----- Data supplied
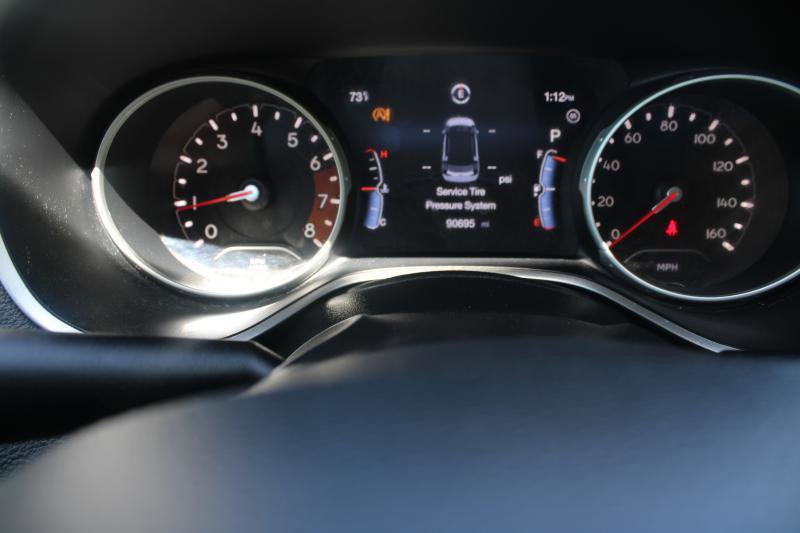 Used 2021 Jeep Compass Limited AWD/4WD image 20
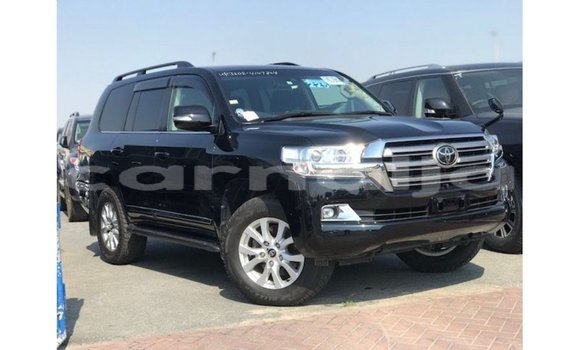 Acheter Import Voiture Toyota Land Cruiser Noir à Import - Dubai, État d'Abia Acheter Import Voiture Toyota Land Cruiser Noir à Import - Dubai, État d'Abia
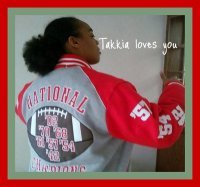 Takkia Harris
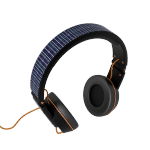 OnBeat Solar Headphone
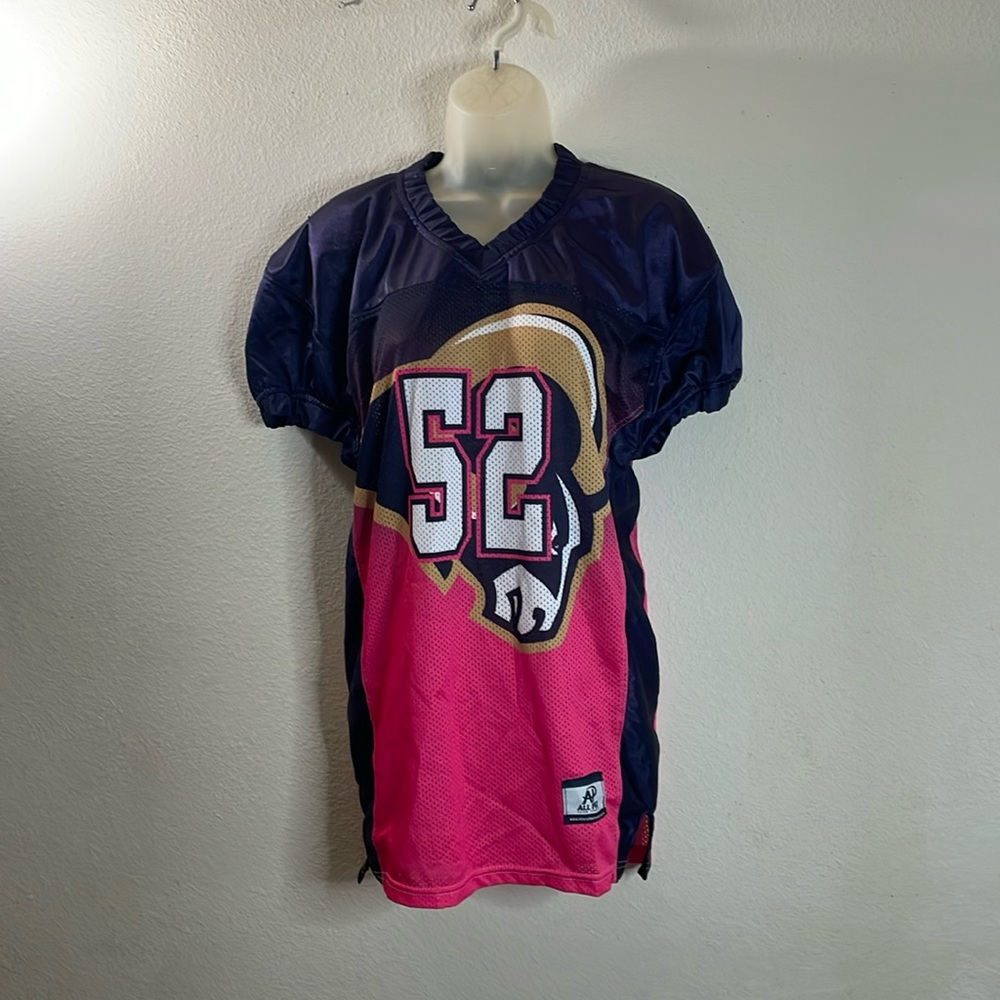 AI All Pro Team Sports Jersey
----------
§ **Problem to work on**
Repeat each entry above exactly, passing over any images.

§ **Response to this exercise**
 Used 2021 Jeep Compass Limited AWD/4WD image 20
 Acheter Import Voiture Toyota Land Cruiser Noir à Import - Dubai, État d'Abia Acheter Import Voiture Toyota Land Cruiser Noir à Import - Dubai, État d'Abia
 Takkia Harris
 OnBeat Solar Headphone
 AI All Pro Team Sports Jersey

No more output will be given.